For the function \(y = x^2 + 3x + 1\), the derivative is:

\[\frac{dy}{dx} = 2x + 3\]

At our input value \(x = 2\):

\[\frac{dy}{dx}\bigg|_{x=2} = 2(2) + 3 = 7\]

Now let's compute the gradient using Tinygrad's automatic differentiation:

grad, = loss.gradient(x)
print(grad.item()) # 7.0

Chain Rule¶

Tinygrad automatically applies the chain rule:

x = Tensor([2.0], requires_grad=True)
z = (x**2 + 1).log()
loss = z.sum()

print(x.item()) # 2.0
print(z.item()) # log(2^2 + 1) = log(5) ≈ 1.6094378232955933

For the composite function \(z = \log(x^2 + 1)\), we need to apply the chain rule:

Let \(z = \log(x^{2}+1)\).
Set \(g(x)=x^{2}+1\).
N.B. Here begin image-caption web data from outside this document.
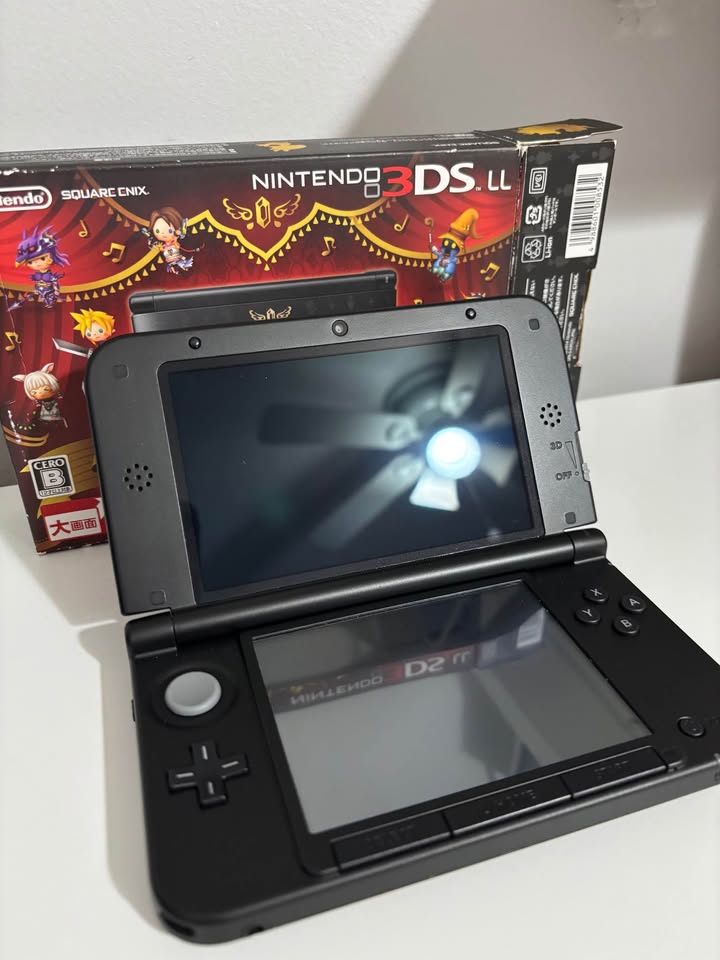 New Nintendo 3DS XL Final Fantasy edición japonesa | Consola de colección en Costa Rica Nintendo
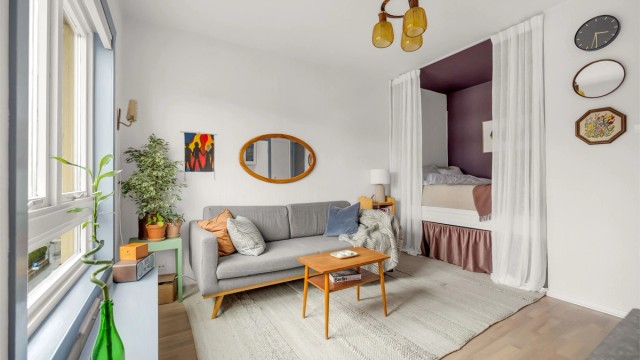 De store vinduene som slipper inn masse lys er noe av det fineste med leiligheten sier selger. Siden den ligger så høyt får den masse fin sol inn på gode dager.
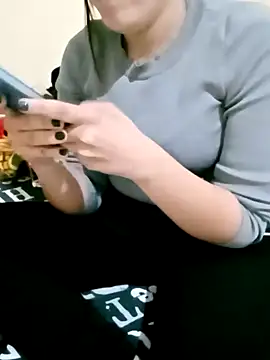 ShadiaStar online show from 11/26/25, 07:58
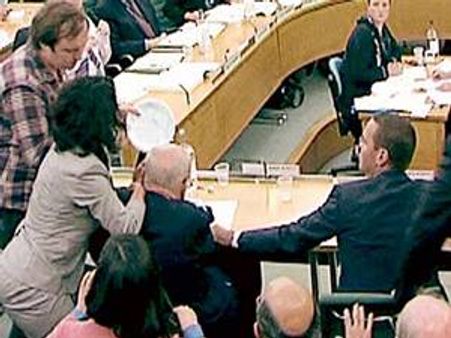 തെളിവെടുപ്പിനിടെ മര്‍ഡോക്കിനുനേരെ കയ്യേറ്റശ്രമം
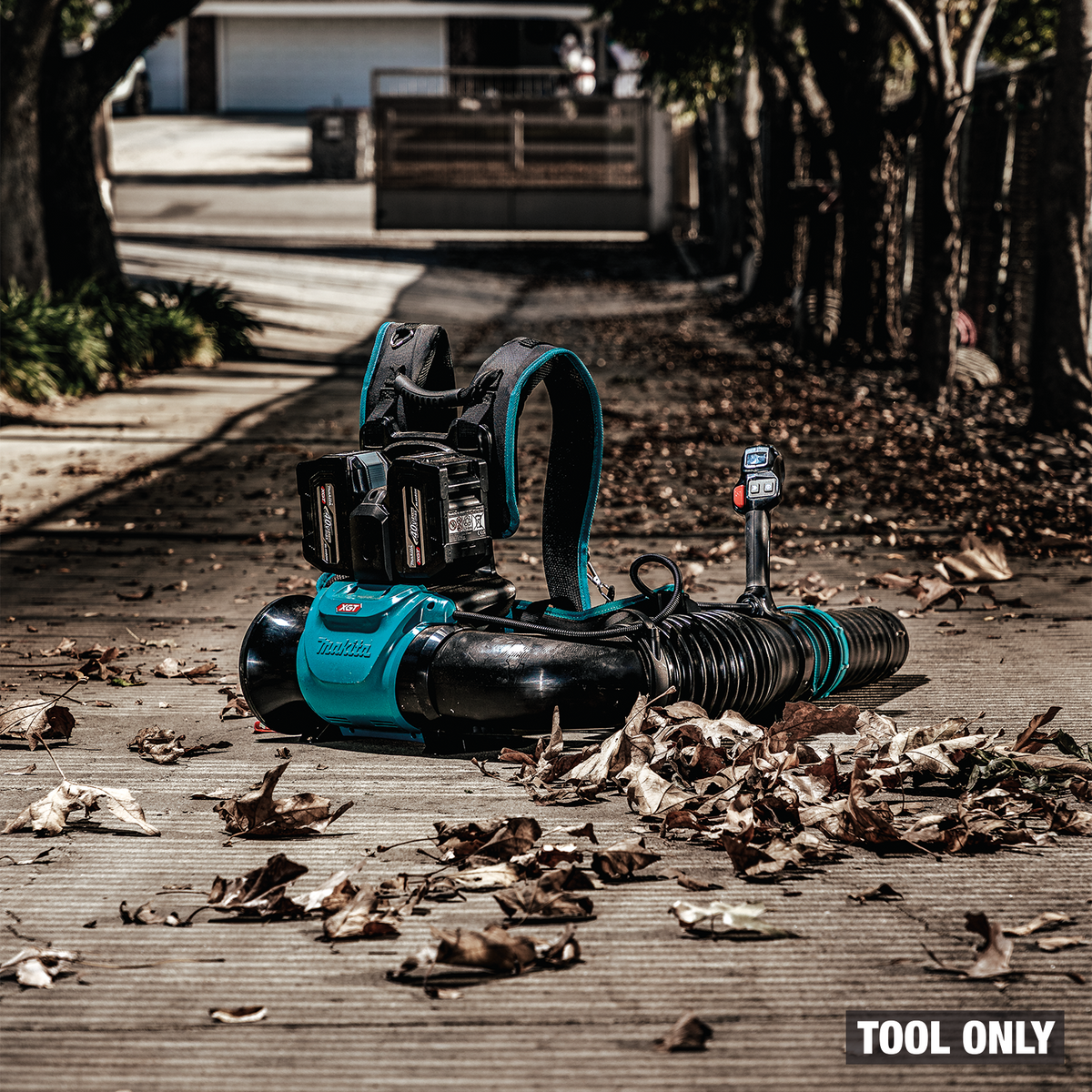 Makita 40V max XGT Brushless Backpack Blower (GBU04Z) - on the job site 19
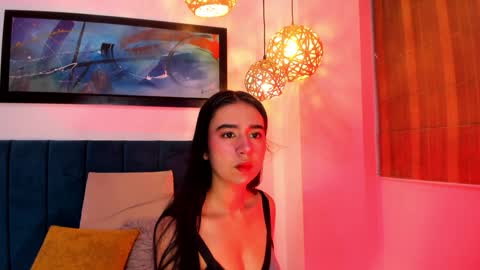  Lara Gold  online show from 01.23.25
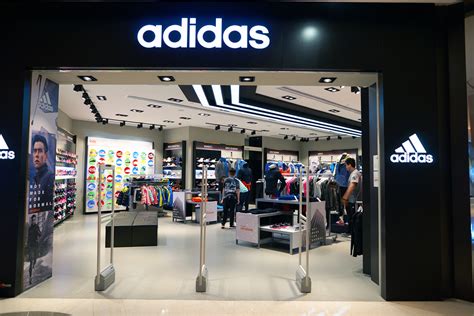 tienda de adidas cerca de mi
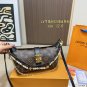 120 folding boxSize 22.12LV Louis Vuitton's new croissant pearl chain underarm lunch b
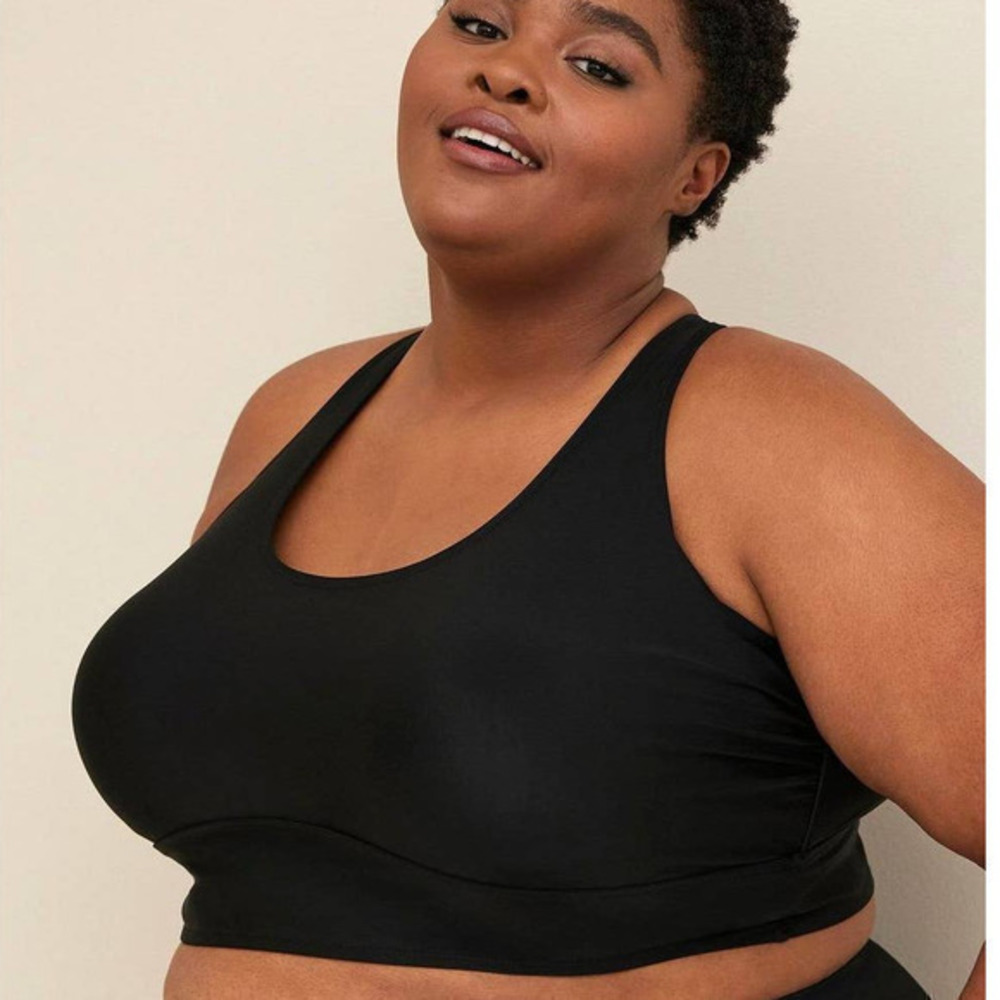 TOP ONLY Torrid 6 (6X, 30) Black Wireless‎ Adjustable Scoop Lightly Lined Bikini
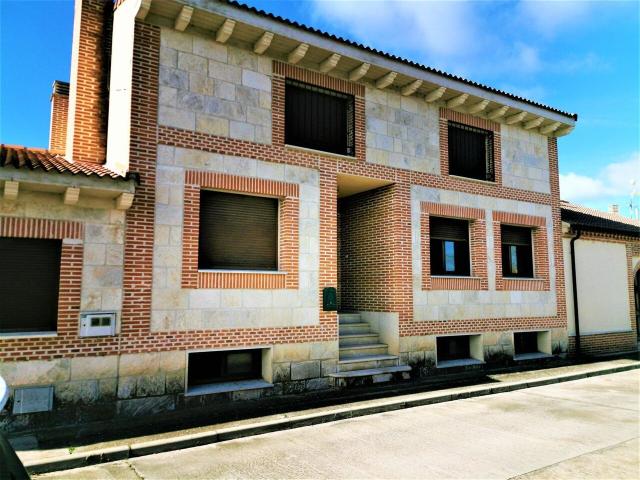 Chalet en venta en Narros de Cuéllar, Samboal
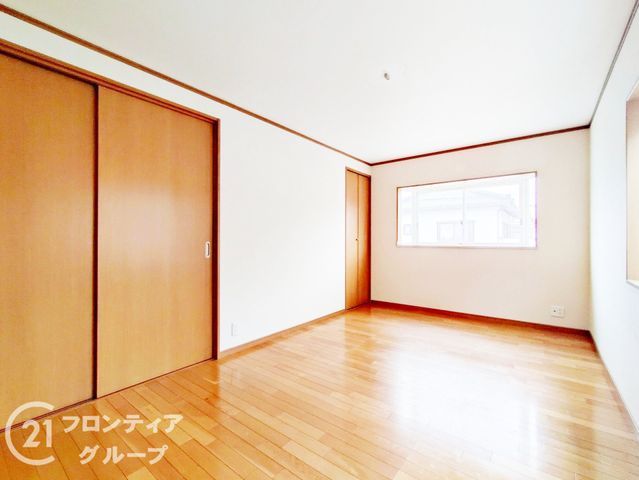 5LDK House for Sale in Himeji, Hyogo - 96 sqm - Thumbnail 3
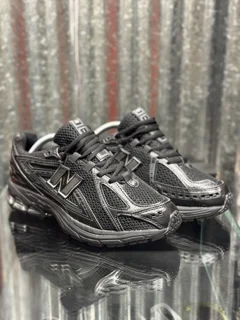 کتونی نیو بالانس 1906R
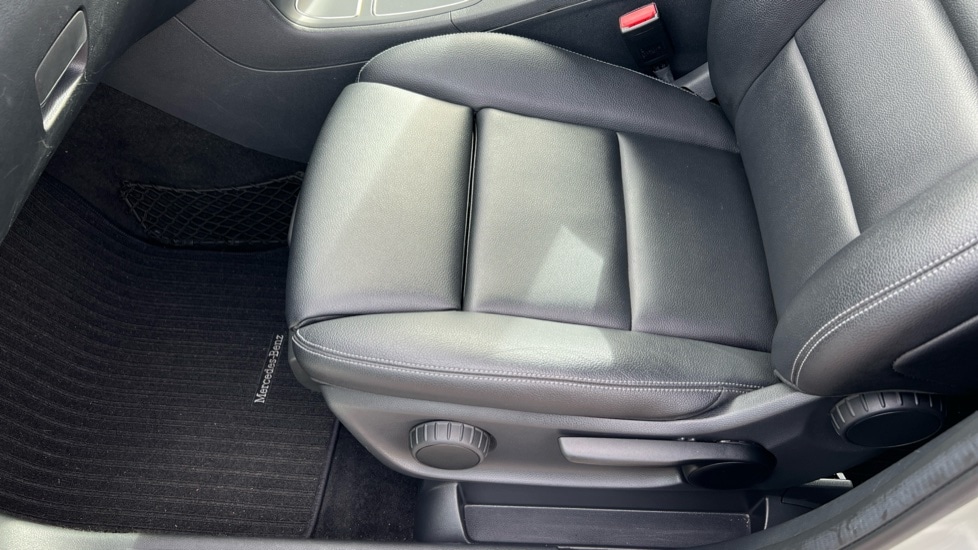 Used Mercedes-Benz B Class 2015 for sale - 76420412: Photo 32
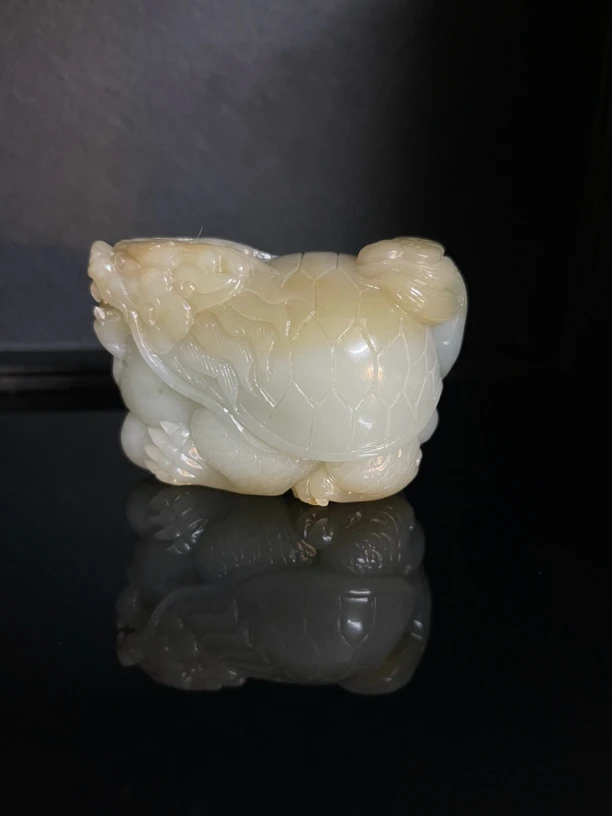 精品和田玉雕刻龙龟手把件摆件（尺寸约66.3×40×45.6mm176.5g左右）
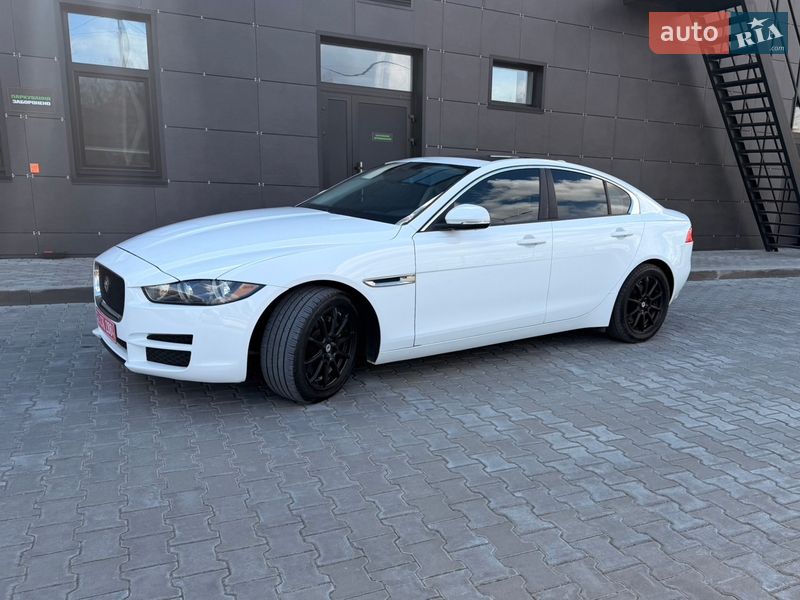 Седан Jaguar XE 2016 в Днепре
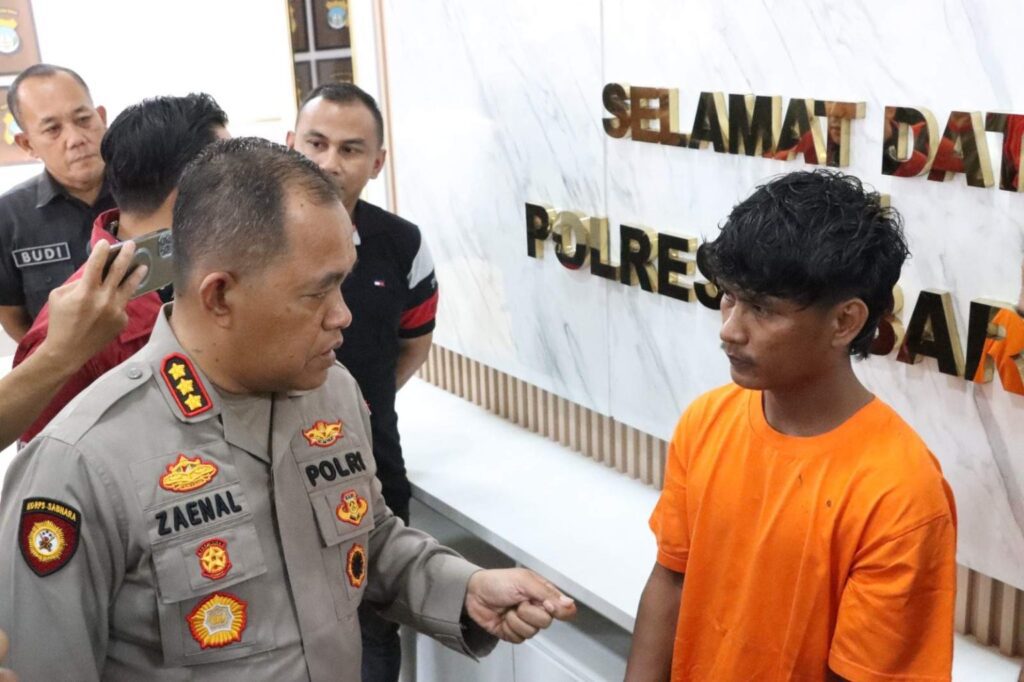 Tersangka penusukan (kanan) di cafe Sagulung saat di Mapolresta Barelang, siang tadi. (ft bosanto)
Then \(z = \log(g(x))\).
Apply the chain rule:
\(\frac{dz}{dx} = \frac{1}{g(x)} \cdot g'(x) = \frac{1}{x^2+1} \cdot 2x = \frac{2x}{x^2+1}\)
Evaluate at \(x=2\):
\(\frac{dz}{dx}|_{x=2} = \frac{2 \cdot 2}{2^2+1} = \frac{4}{5} = 0.8\)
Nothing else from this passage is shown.